Looking at these two games now, it’s clear that I lost them both by making a threat (21… Bd3, 20… Rf5) which was met with a gain of tempo when I should have preferred a defensive move instead. Perhaps there’s a lesson to be learnt there.

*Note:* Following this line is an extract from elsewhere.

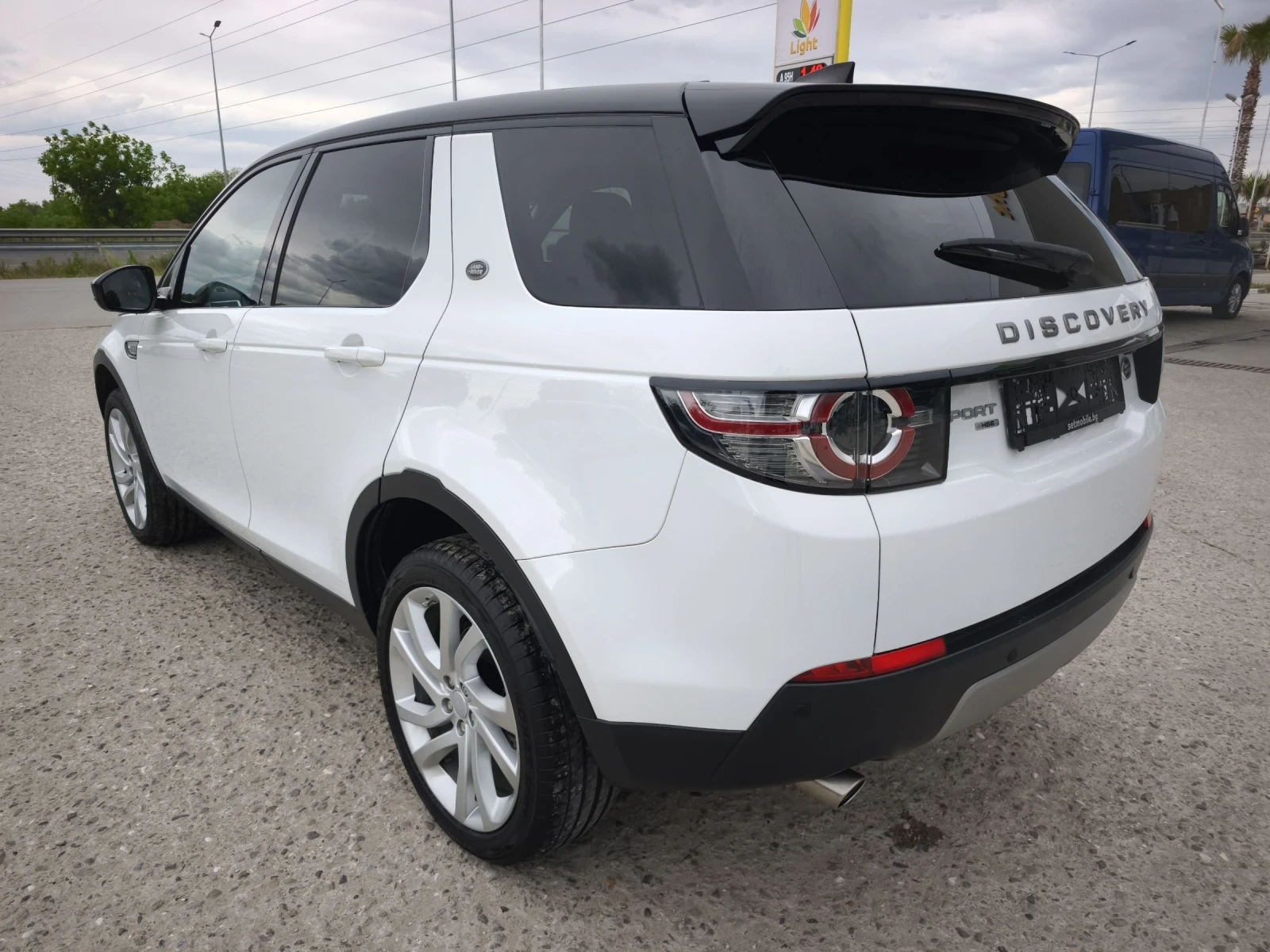Land Rover Discovery Sport 2.0d SPORT 4X4 FULL SERVICE IN LAND ROVER , снимка 4 - Автомобили и джипове - 54719686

We met again in another Wimbledon A v Richmond Juniors A match in 1998. Again it was a Dutch Stonewall, but this time I chose a different plan, delaying castling. After mutual inaccuracies in what was probably mutual time trouble I missed a winning tactic.

1. d4 e6 2. c4 f5 3. g3 Nf6 4. Bg2 d5 5. Nf3 c6 6. O-O Bd6 7. b3 Qe7 8. Bb2 b6 9. Qc1 Bb7 10. Ba3 Bxa3 11. Nxa3 Nbd7 12. Qb2 O-O 13. b4 Rab8 14. cxd5 exd5 15. Rfe1 a5 16. b5 c5 17. dxc5 bxc5 18. Nc2 a4 19. Qa3 Nb6 20. Ne3 g6 21. Nd4 Rfe8 22. Nc6 Bxc6 23. bxc6 Rbc8 24. Rac1 Rxc6 25. Nc4 Nxc4 26. Rxc4 Re6 27. Rc2 Qa7 28. e3 c4 29. Rd1 Re5 (Missing my chance as the time control at move 30 approaches: 29… Rxe3 is winning.) 30. Qd6 Qe7 31. Bxd5+ Nxd5 32. Rxd5 Qxd6 1/2-1/2 (White now stands better in this double rook ending. I don’t remember whether we agreed a draw here or whether the position went for adjudication. Unlike our previous game, neither of us wanted to play on.

Our last encounter was in 2013, in a match between Richmond B and Wimbledon B. Like our first game, it was a short draw.

Although never a demonstrative presence at matches, Stephen will be much missed in London chess circles, most of all by his friends and colleagues at Wimbledon Chess Club, to whom I extend my sympathy.